What Do You See? (and What Does It Mean to Respond in the Highest?) (DWTD)

What do you see when you look at this picture? What would you have thought if you had come upon a mass of seaweed and jelly fish, having dressed in a bathing suit for a morning plunge into the ocean while on vacation?

Both my yoga teacher John Friend and my meditation and philosophy teacher Paul Muller-Ortega teach that we want to respond in the highest, to seek always to see the good and to respond from that seeing.

I found myself thinking about this morning when I saw dozens of jelly fish on the shore and contemplating a conversation I had yesterday about the topic with a fellow student.

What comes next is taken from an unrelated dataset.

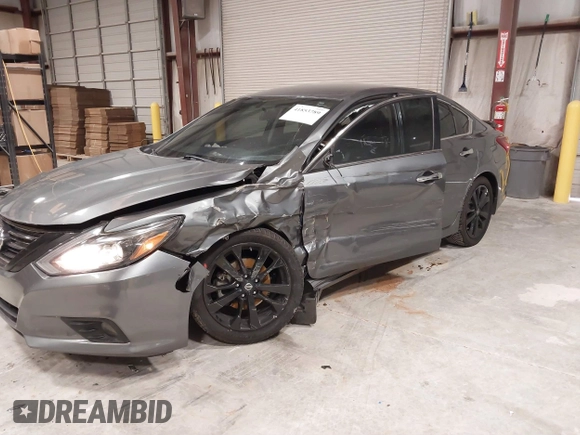 2018 Nissan Altima 2.5 SR with VIN 1N4AL3AP1JC203798, listed as a IAAI auction lot 41853789 with 77,875 mi miles. Bid and sale history available at carsss.com. Image 6.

For some, the t-shirt adage “it’s all good” may really ring true. Most every day is naturally bubbly and bright and difficulties or a need to shift or change to find better alignment is not of much importance. I am not naturally effervescent with bliss, though I find a deep and abiding and growing joy in life that comes from a combination of discrimination (viveka) and appreciation for the wonder and complexity of life.

Some may just not notice the jelly fish and just see the sun glinting on the waves, plunging in to swim with delight, not caring much that it resulted in itching or stinging from the jelly fish. The itching and stinging are just minor irritations that wouldn’t change the joy of the day. That’s a great way to live, but not all of us are by nature that care free.

For those of us who see the jelly fish and know that swimming with them can cause potentially significant discomfort, we have two choices: we can get all bummed out that a care free swim in the ocean is not going to happen. That is not responding in the highest. We can also look at what beautiful and amazing creatures are jelly fish, look down at our feet as well as up at the ocean and the sky so that we don’t step on any (walk with discrimination), and then choose to swim in the pool.

Responding in the highest and looking for the good is not the same as being blind to pain and difficulties. It is how we choose to react and our align ourselves within a world that presents both opportunities for delight and for challenge and pain. Responding in the highest is not being oblivious to pain, but rather, choosing not to suffer or cling to disappointment in the face of inevitable pain or difficulty.


1 Comment

  1. Jane Jackson

    I think that one of those is the kind of jellyfish that you don’t want to mess with– but they are amazing creatures, aren’t they?